Now, just because my husband doesn’t believe in Valentine’s Day doesn’t mean he’s never given me a gift on February 14th. In fact, he’s bought me tulips (my favorite) and some nice lingerie. He even got me a Valentine’s Day card once. But he did it because he knew I’d like it, not because he’s a hopeless V-Day romantic like I am. It was his way of saying, “See how much I love you that I would give in to this commercial holiday designed to break a dude’s pockets?!” And yes, I appreciated it…because I knew it went against everything he believed in just to put a smile on my face. I never gave him grief about his beliefs, and I agree with his reasons for not celebrating Valentine’s Day – especially when you trace its origins. If this Saturday comes and he says, “I love you,” that’s all the warm and fuzzies I need for that day.

But what if you are a full-fledged sucker for Valentine’s Day and your man isn’t? What to do then? While I can’t answer that for you, what I can say is that now that we’re married with a baby, I appreciate the little affirmations of love that I receive daily, not just on special “holidays.” Love should be freely given, and it shouldn’t cost and arm and a leg to express it. Cards, flowers, candy, fancy dinners – they’re all wonderful. But If you only feel loved on your birthday or Valentine’s Day…something is wrong.

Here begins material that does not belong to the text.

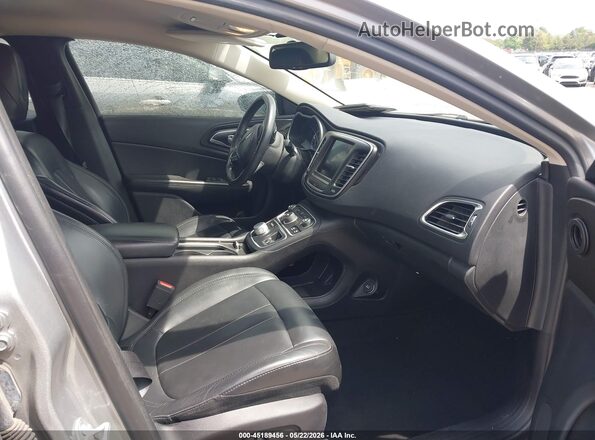 1C3CCCAB9HN511862 2017 CHRYSLER 200 Silver Вид салону спереду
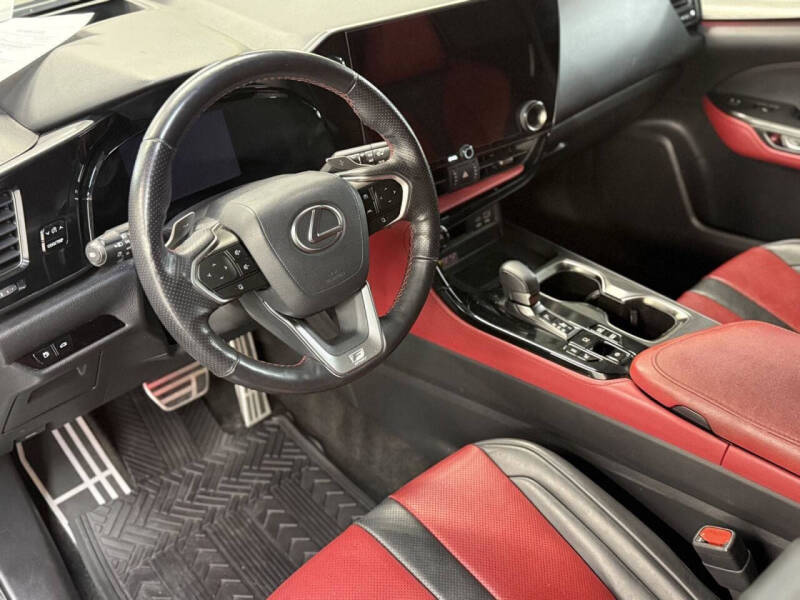 2022 Lexus NX 450h+ F SPORT Handling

Now, if you know that your man or your husband loves you, but just isn’t a fan of a holiday that feels like forced romance, then by all means…let him hate the holiday. If he shows you in a million other ways that he loves you all year around, then you might want to just let it slide. Some women get downright angry at their man if Valentine’s Day comes and they don’t even get so much as a Hershey’s Kiss. To them I say ask yourself what about him not liking the “holiday” bothers you so much. Do you feel like it’s a slap in the face if he doesn’t acknowledge you on V-Day? Are you materialistic and feel he should spend a small fortune on you in order to show you he cares? Are you more concerned with what your friends will think if you don’t get a gift on Valentine’s Day? Do you need public displays of affection to feel socially accepted? If Valentine’s Day is important to you, you have to figure out why first before you get mad at him for not giving in to your whims.

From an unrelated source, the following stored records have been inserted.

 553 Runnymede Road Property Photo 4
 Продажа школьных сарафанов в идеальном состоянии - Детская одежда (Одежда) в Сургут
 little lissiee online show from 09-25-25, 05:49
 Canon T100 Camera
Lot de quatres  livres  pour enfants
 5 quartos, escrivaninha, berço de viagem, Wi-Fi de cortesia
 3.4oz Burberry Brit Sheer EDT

If after all of your soul-searching you find that you are in a fulfilling relationship with someone who just doesn’t believe in V-Day, then by all means let it go. Go out to dinner with your girlfriends, or pamper yourself at a spa while he watches the All Star Game. Or shower your man with gifts even if he doesn’t get you anything. If you TRULY believe in Valentine’s Day, then you can still express your love for him without expecting anything in return. And if he would not be receptive to gifts, simply snuggle with him on the sofa instead.

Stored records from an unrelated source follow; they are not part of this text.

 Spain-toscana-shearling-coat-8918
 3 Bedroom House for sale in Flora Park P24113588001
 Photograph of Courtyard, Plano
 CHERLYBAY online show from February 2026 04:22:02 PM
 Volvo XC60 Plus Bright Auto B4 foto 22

There is nothing wrong with your relationship if you don’t receive a box of chocolates on Valentine’s Day, but there IS something wrong if that is the only day you have to look forward to in order to feel loved by your mate. And I’m not talking about romance. I’m talking about LOVE. Sure, V-Day is a chance for him to show his romantic side if he’s genuinely not the romantic type in general…so maybe he DOES need a day to help bring this side out of himself. But as far as authentic love is concerned, that’s something that can’t be contained in one Hallmark card one day out of the year. True love is what you feel the day after Valentine’s Day…and the day after that…and the day after that. And if you don’t feel it the other 364 days of the year, then Valentine’s Day really doesn’t matter.